大阪学芸高校は、近年、関関同立への合格実績を着実に伸ばしている(図1)。その効果によって、2006年度の高校入試では志願者が2000名以上集まった。しかし、6年前の00年度、大阪学芸高校は危機的な状況にあった。この年、入学者数が激減し、1学年11〜13クラスだったのが8クラスに減ってしまった。
「このままでは学校の存続も危うい」
教頭の近藤永先生は、危機感を募らせていた1人だった。
「進学校でもない。スポーツも強くない。宗教のバックボーンもなく、大学の付属校でもない。学校の特長がなかったのです。少子化の影響で徐々に入学者が減っていましたが、00年度に1学年300名を割り、多くの教師が危機感を抱きました」
それまで何も手を打たなかったわけではない。96年に校名を成器高校から現在の大阪学芸高校へと変え、98年には男女共学の国際コースを新設した。しかし、それらの改革は、志願者増の決め手にはならなかった。
危機感を抱いたのは、現場の教師だけではない。理事会は二つの改革ビジョンを打ち出した。一つは、進学校化だ。特に関関同立の実績向上を目指し、当時22名だった合格者を「5年後50名、10年後100名にする」と数値目標を掲げた。二つめは組織改革だ。当時を知る教師たちは「激しい議論を交わした」と口を揃える。

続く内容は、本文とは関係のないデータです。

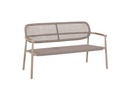 Midleton 2-seat alu sand rope beige teak arm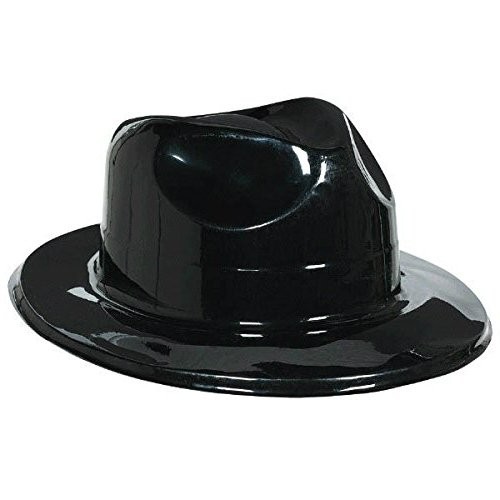 Amscan Fedora Hut Kostüm Party Kopfbedeckung 4,8 x 10,6 cm (250421.10) - Bild 2 von 2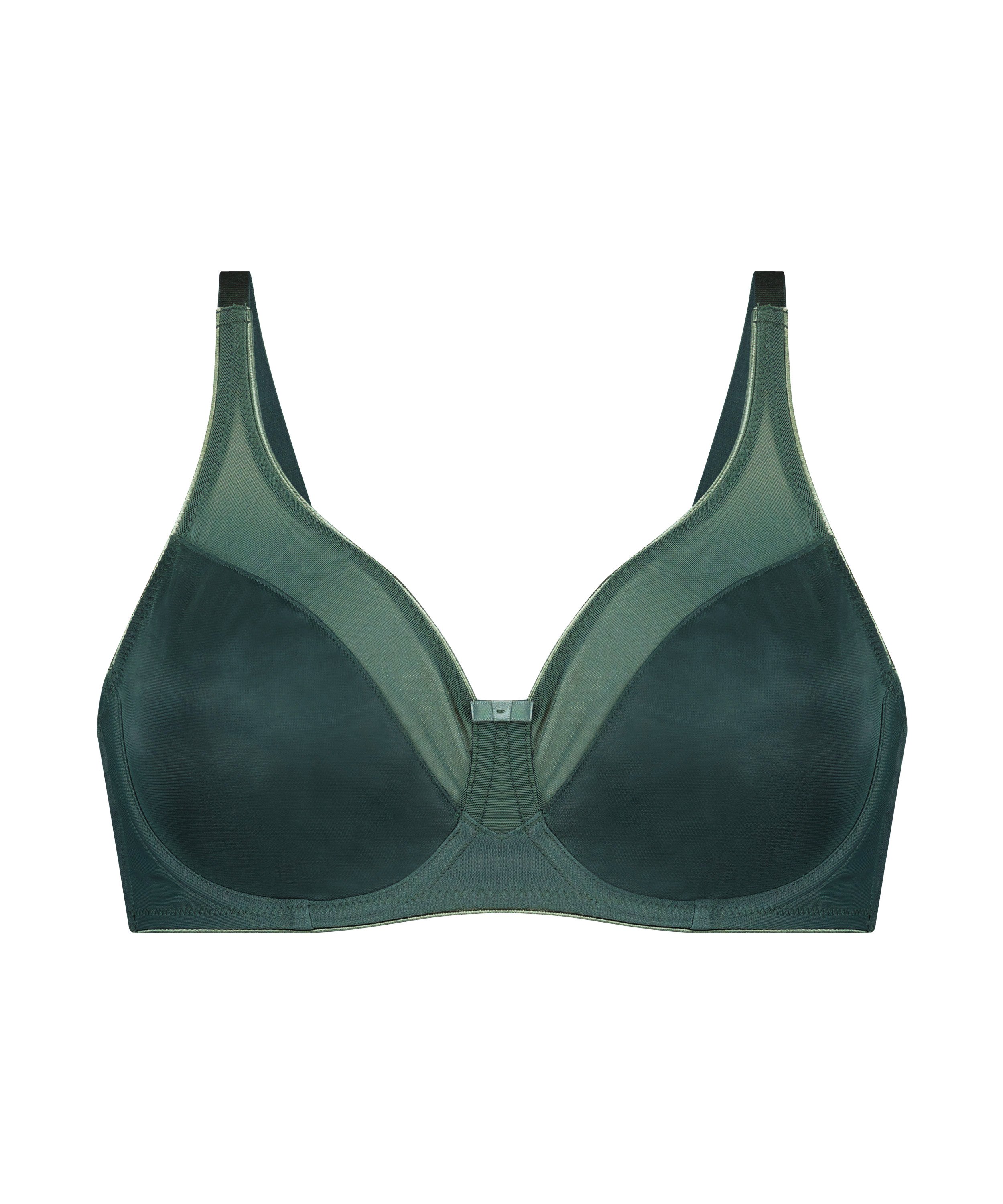 Nina Non-Padded Underwired Minimizer Bra, Green, main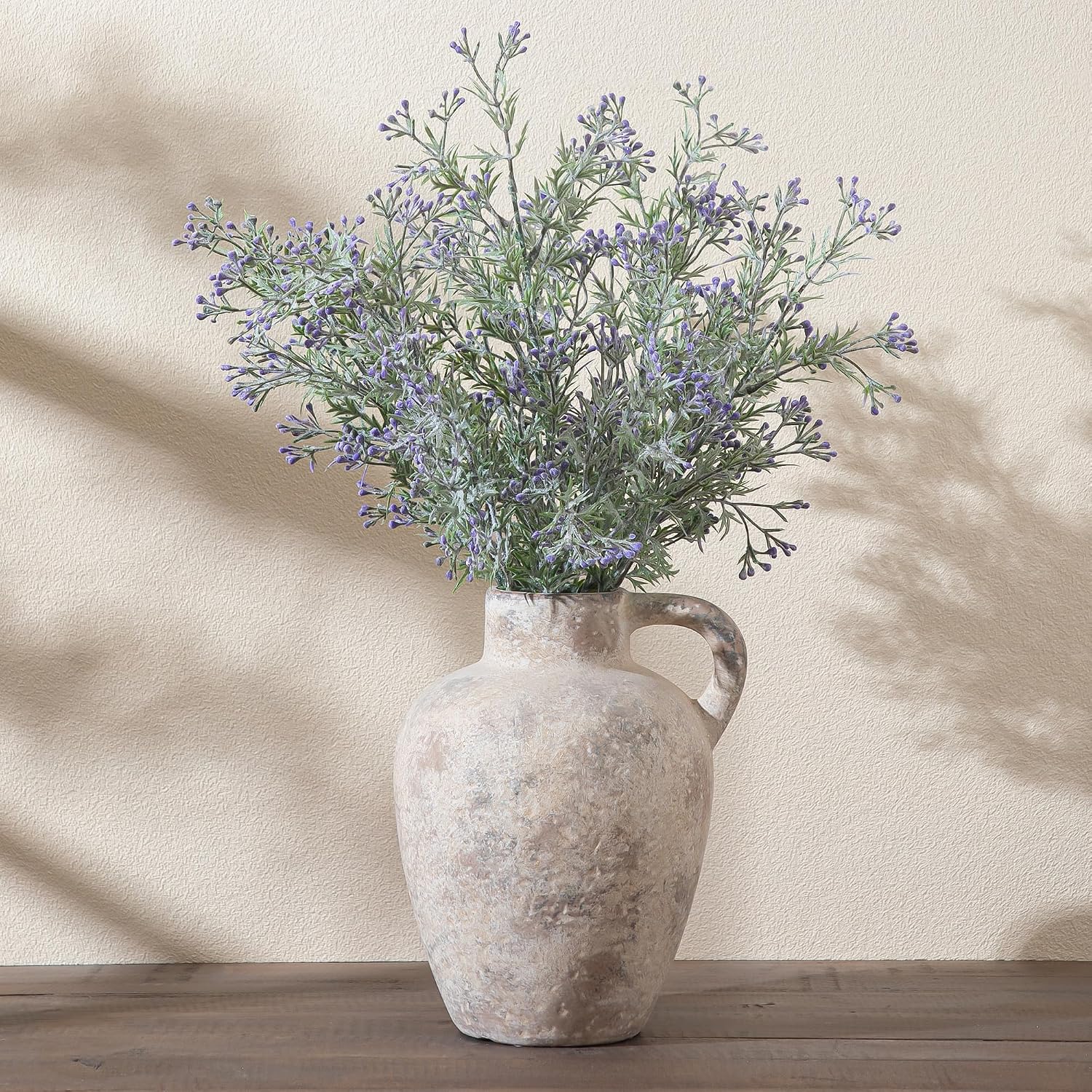 8.85" Handmade Ceramic Vase / Farmhouse-8.85in-3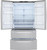 LMWC23626S LG 36 " 23 cu.ft. 4 Door French Door Counter Depth Refrigerator with Factory Installed Ice Maker - PrintProof Stainless Steel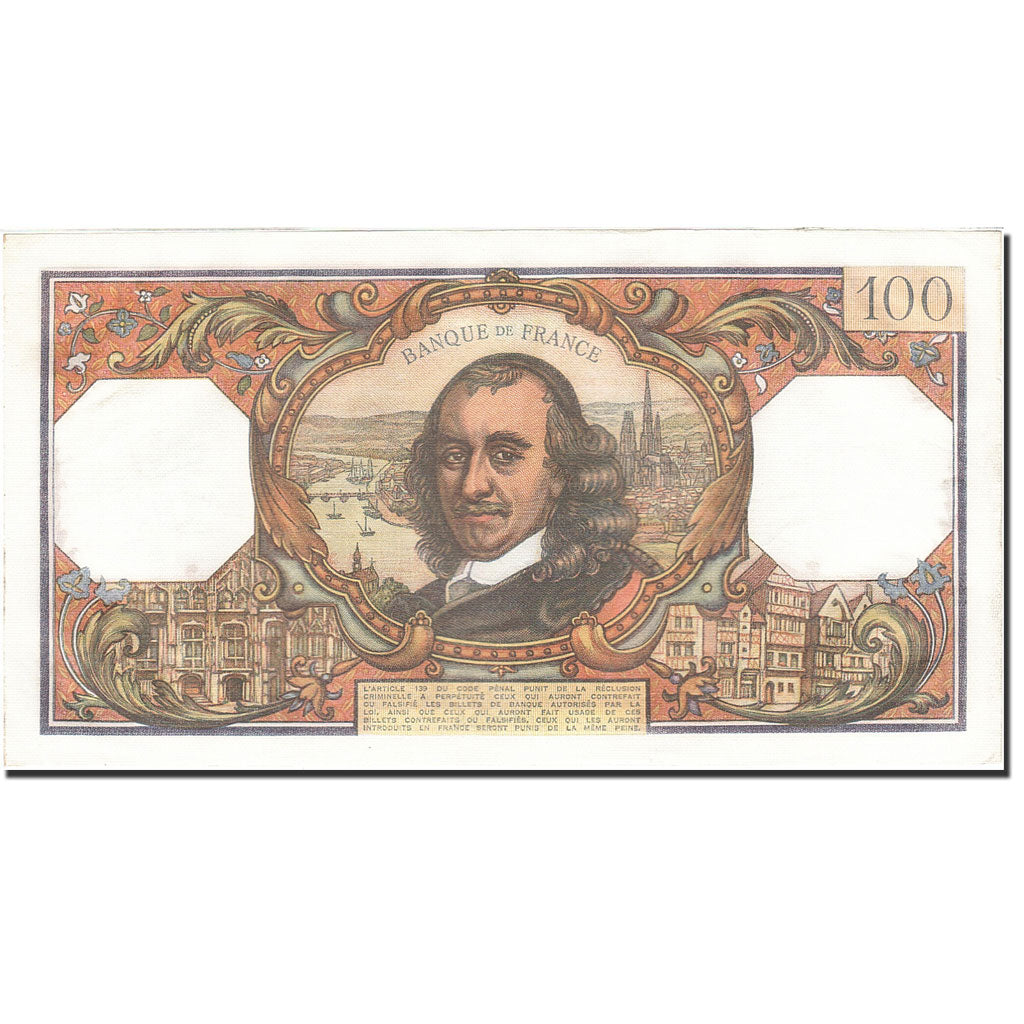 Biljet, Frankrijk, 100 Francs, 1964, 1972-01-06, TTB+, Fayette:65.38, KM:149d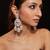 Silver plated white pearl dangler earrings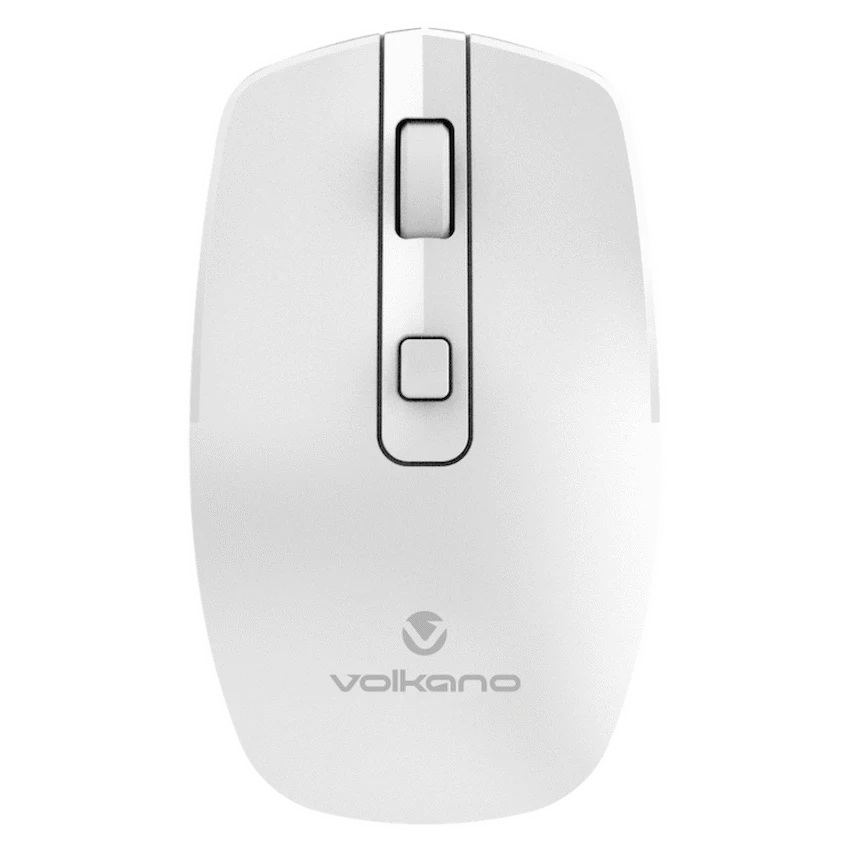 Volkano Granite Series - Mouse inalámbrico recargable – Blanco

「本校は校長と教頭以外の教師は横並びの組織でした。それを『特進コース』と『進学コース』それぞれに教頭を置き、学年主任や各分掌の部長を中間管理職と位置づけました。このメンバーで校務会議を運営し、学校の方針を決めるという形に変えたのです。その過程では、ときには激しい議論もありました」(近藤教頭)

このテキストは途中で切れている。